Отечественный историк и писатель К. Писаренко как-то заметил:
«Историю не принято считать точной наукой. Субъективизм любого исторического исследования общепризнан. Между тем такой взгляд — заблуждение.
Объективность истории так же, как и любой естественной науки, всецело зависит от усидчивости и беспристрастности ученого. Чтобы сформулировать тот или иной закон природы, естествоиспытатель должен провести множество экспериментов, учитывая каждую деталь, и сравнить получаемые результаты между собой. Также обязан действовать и историк, но с той лишь разницей, что данные его экспериментов нельзя выявить в лабораторных условиях. Они в готовом, хотя и разрозненном виде хранятся в архивных и библиотечных фондах, и обнаружение необходимых для составления сведений требует огромного труда и терпения. Не всякому дано одолеть этот Эверест. Оттого так часто мы сталкиваемся с интерпретациями, опирающимися на скудную фактическую базу, недостаточную для открытия подлинных законов общественного развития, не выдерживающих проверку реальной жизнью, зато соответствующих тем или иным интересам общественных слоев или групп.
Такой псевдонаучный эгоизм мешает истории превратиться из оружия партийно-политического в эффективный инструмент урегулирования общественных проблем.

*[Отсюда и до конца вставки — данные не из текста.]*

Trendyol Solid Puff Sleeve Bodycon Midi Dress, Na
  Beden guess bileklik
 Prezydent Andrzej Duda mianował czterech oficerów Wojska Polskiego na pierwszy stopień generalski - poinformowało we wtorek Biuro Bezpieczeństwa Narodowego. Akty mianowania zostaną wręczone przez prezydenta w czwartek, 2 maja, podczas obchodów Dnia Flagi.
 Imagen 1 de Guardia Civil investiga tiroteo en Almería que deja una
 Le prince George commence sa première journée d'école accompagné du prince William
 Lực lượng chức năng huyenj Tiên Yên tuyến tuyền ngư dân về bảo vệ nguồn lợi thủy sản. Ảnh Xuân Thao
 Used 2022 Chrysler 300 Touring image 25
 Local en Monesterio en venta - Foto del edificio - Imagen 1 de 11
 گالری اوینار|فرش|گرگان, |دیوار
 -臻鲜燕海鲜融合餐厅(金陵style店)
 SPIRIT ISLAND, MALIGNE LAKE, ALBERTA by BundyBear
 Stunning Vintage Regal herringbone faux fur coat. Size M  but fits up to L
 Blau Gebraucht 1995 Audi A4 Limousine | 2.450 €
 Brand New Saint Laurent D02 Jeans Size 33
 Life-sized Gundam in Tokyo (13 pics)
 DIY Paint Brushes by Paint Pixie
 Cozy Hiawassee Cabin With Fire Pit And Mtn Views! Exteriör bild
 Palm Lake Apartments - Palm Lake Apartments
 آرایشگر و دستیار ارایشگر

И пока по крайней мере большинство из нас не изменит отношения к накоплению, осмыслению и применению на практике исторического знания, до тех пор оно будет приносить больше вреда, чем пользы».
Это в полной мере относится и к истории штрафных подразделений, действовавших в годы Великой Отечественной войны 1941–1945 гг., истории, которую приходится постоянно «очищать» от мифов, нами же самими создаваемых.
Главный из мифов, повторим, — это наше представление, что армия и общество в условиях социального кризиса (под который подпадает и война) живут исключительно по определяемым государством, властями законам. Нет, не было такого никогда. Общество в условиях нестабильности и опасности для себя вырабатывает особые, свои, «правила игры», которые помогают ему выжить, выжить отдельно взятому человеку и особенно тем, кто оказывался еще и «зажатым» особенными жизненными условиями.
История штрафных подразделений — яркое тому подтверждение: сколько бы ни писали о существовании штрафбатов и штрафрот исключительно в рамках соответствующих приказов Верховного главнокомандования и «положений», выработанных высшим военным командованием, внутренняя жизнь этих особых военных подразделений выстраивалась по своим собственным законам существования.
Этот структурный миф потянул и все остальные — и об «исключительной» роли штрафбатов на театре военных действий, и об авиационных штрафэскадрильях, и о женщинах-штрафницах.
Добавим к этому особенность развития нашего общества — все, что запрещалось, расцветало пышным цветом. Так и со штрафбатом — существовавшие запреты обходились с удивительной простотой, а после — лишь юридически подкреплялись чисто формально, законодательными актами.